Den gesunden Ausgleich zwischen der anstrengenden Denkarbeit bei SAP und dem privaten Leben fördert Personalvorstand Heinrich. "Wer sich wie ein Hamster im Laufrad fühlt, bringt keine großartigen Leistungen", begründet der vierfache Vater sein Engagement für Work-Life-Balance. Ständig bis spät in die Nacht zu arbeiten ist bei SAP nicht en vogue. 14-Stunden-Tage zu Projektschluss oder Wochenendschichten, wenn es beim Kunden brennt, werden regelmäßig ausgeglichen.

Auch kann sich jeder SAPler seine Arbeit nach Wunsch einteilen - zwischen 10 und 90 Prozent existieren alle denkbaren Teilzeitmodelle. Die Umwandlung von variablen Gehaltsteilen in Freizeit etwa als Sabbatical, für eine Promotion oder eine Weltreise ist ebenso Usus wie das Führen von Lebensarbeitszeitkonten, die im Alter einen früheren Ausstieg aus dem Job ermöglichen.

Die Entscheidungsfreiheit, die Heinrich den SAPlern bei der Gestaltung ihres Arbeitslebens einräumt, gönnte er sich auch selbst. Als Ende April sein jüngster Sohn geboren wurde, nahm der Vorstand drei Wochen Babyurlaub.

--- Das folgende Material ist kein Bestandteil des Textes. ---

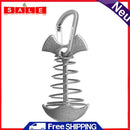 Outdoor Awning Tent Fixed Hook Buckle Plank Floor Spring Nails Camping Equipment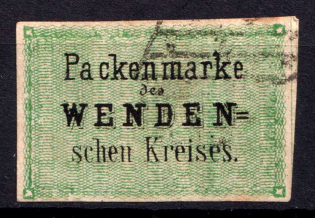 1863 4k Wenden, Livonia, Russian Empire, Russia (Kr. 3, Sc. L3, Canceled, CV $400)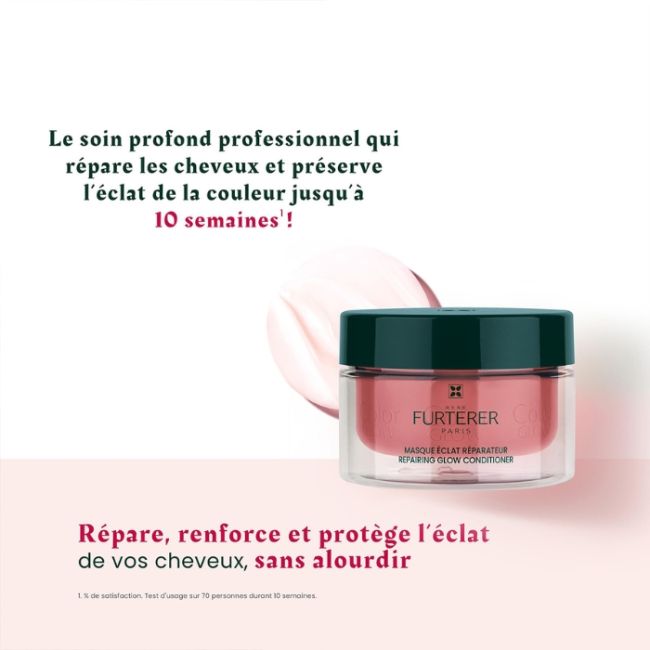 Masque éclat reparador Color Glow René Furterer 250 ml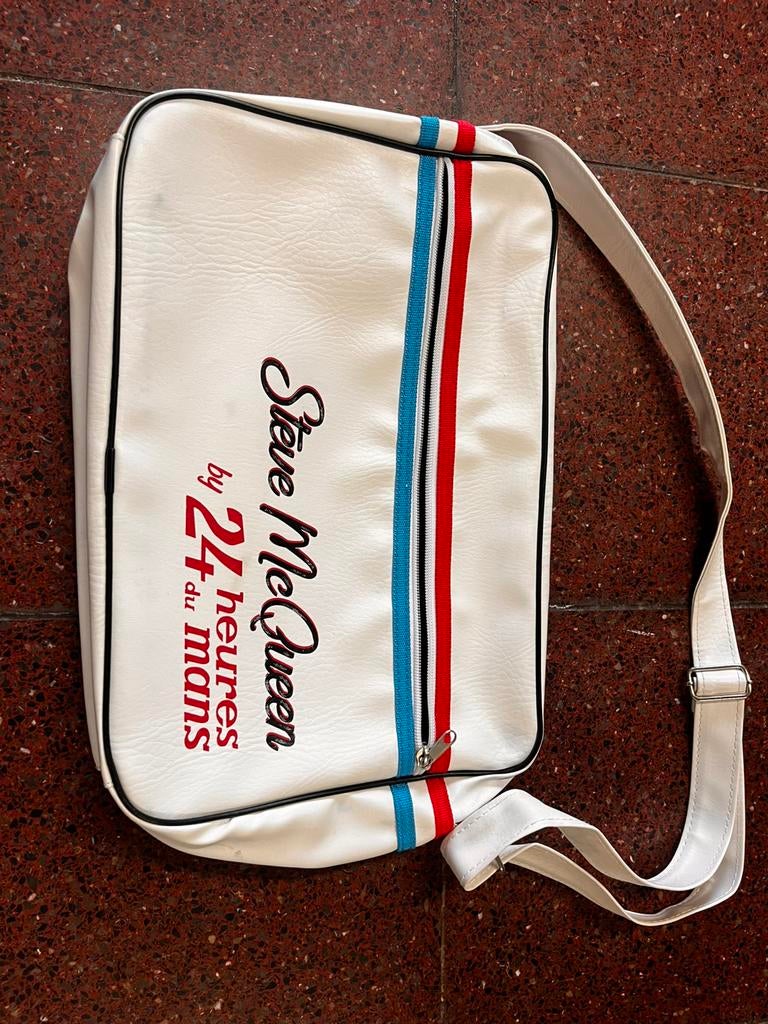 Sac à bandoulière "Steve McQueen by 24 Heures du Mans", Enlèvement, Comme neuf, Blanc, Autres marques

Vereinbarkeit von Familie und Beruf schreibt SAP ganz groß, etwa durch Hilfe bei der Kinderbetreuung. Christine Hiller (45), Mutter eines heute zwölfjährigen Sohnes, gelang in den vergangenen acht Jahren auch deshalb ein bemerkenswerter Aufstieg. Dank eines von SAP vermittelten Au-Pairs avancierte sie trotz Kleinkind von der Produktmanagerin zur Leiterin einer 30 Mann starken Forschungsgruppe. Ihre Arbeitszeit steigerte sie von anfangs 40 auf heute 80 Prozent. "SAP ist ein Superarbeitgeber", schwärmt die Informatikerin: "Ich kann mir vorstellen, die nächsten 20 Jahre hierzubleiben."

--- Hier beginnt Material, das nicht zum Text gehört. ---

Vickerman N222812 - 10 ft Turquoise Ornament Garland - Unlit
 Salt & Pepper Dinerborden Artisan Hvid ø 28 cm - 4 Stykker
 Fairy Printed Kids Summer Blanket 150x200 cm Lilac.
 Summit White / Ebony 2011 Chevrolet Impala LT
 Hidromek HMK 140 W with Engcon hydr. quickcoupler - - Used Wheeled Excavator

Wieviel Erfahrung bei SAP zählt

Ihr für die Software-Branche fast schon greisenhaftes Alter stört Hiller bei der Lebensplanung nicht. Sie weiß, dass bei SAP Erfahrung gewürdigt und der ältere Mitarbeiter gezielt gefördert wird.

Betriebsärztin Natalie Lotzmann (44) entwarf ein Konzept, wie die Leistungskraft über 45-jähriger Mitarbeiter für das Unternehmen erhalten werden kann. Dazu gehört nicht nur das allfällige Gesundheitsangebot von Arbeitsorganisation bis Yoga, sondern auch ein Rotationsmodell, in dem alte Hasen ihr Know-how in andere Geschäftsbereiche als den gewohnten einbringen. Im Mentoringprogramm kümmern sie sich um junge Kollegen. Zu Think-Tank-Sitzungen werden sie bevorzugt eingeladen.

Von der Wiege bis zur Bahre - fast scheint es, als vertrete die SAP-Führung diese altmodische Auffassung von Fürsorge für die Mitarbeiter. Im Prinzip ist Claus Heinrich damit auch einverstanden. Er formuliert die Grundlage seiner Arbeit aber lieber weniger altbacken: "Wer erstklassige Arbeit will, muss exzellente Leistungen bieten."